An interesting approach in the search of inhibitors of resistance is the screening of non-antibiotic compounds, which had been already tested for other diseases, and may be used as helper compounds to improve efficacy of antibiotics (Martins et al., 2008). The benefit of using these compounds is that their use has been already approved, so as novel long and costly toxicological trials are not needed. Among them some anesthetics, antihistaminic, and psychotherapeutic compounds have demonstrated to improve the activity of antibiotics (Kristiansen and Amaral, 1997). Within this group of compounds some of them change the permeability of the bacterial membrane (Martins et al., 2008), as the anti-inflammatory drug diclofenac (Dutta et al., 2007) or the anti-psychotic chlorpromazine (Blair and Piddock, 2009), whereas for others, the mechanism of action is not known.

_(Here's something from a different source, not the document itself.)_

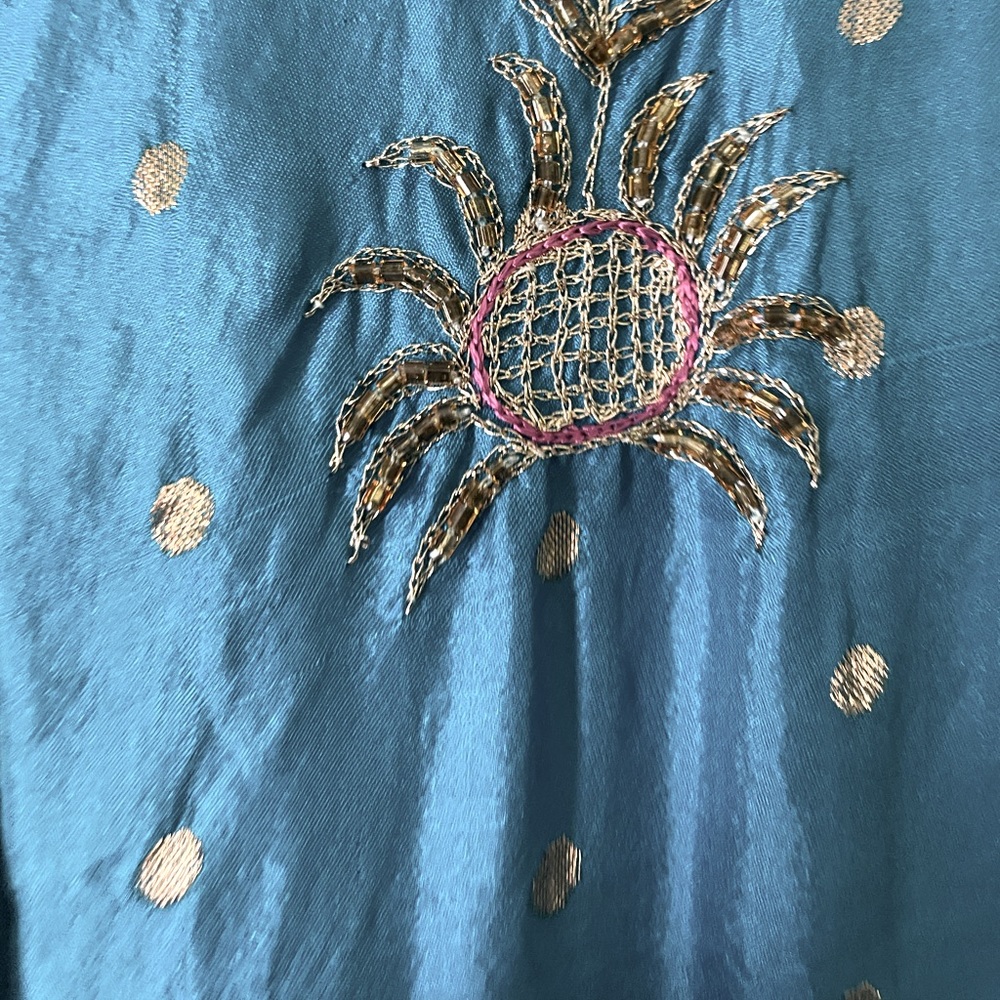 Indian Suit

A more recent approach for improving the activity of the antibiotics is by enhancing the cellular responses associated to the antibiotics induced cell death pathway. It has been proposed that bactericidal antibiotics induce a cell pathway that involves the generation of oxygen reactive species (Kohanski et al., 2007, 2010). Understanding this pathway may reveal targets for adjuvants that improve the efficacy of the antibiotics (Farha and Brown, 2013). By using Escherichia coli whole-genome metabolic models and further experimental validation of predicted targets, it has been shown that inactivation of some elements increase susceptibility to oxidants and antibiotics (Brynildsen et al., 2013), which opens the possibility of searching a new family of drugs capable to increase the activity of antibiotics.

The authors declare that the research was conducted in the absence of any commercial or financial relationships that could be construed as a potential conflict of interest.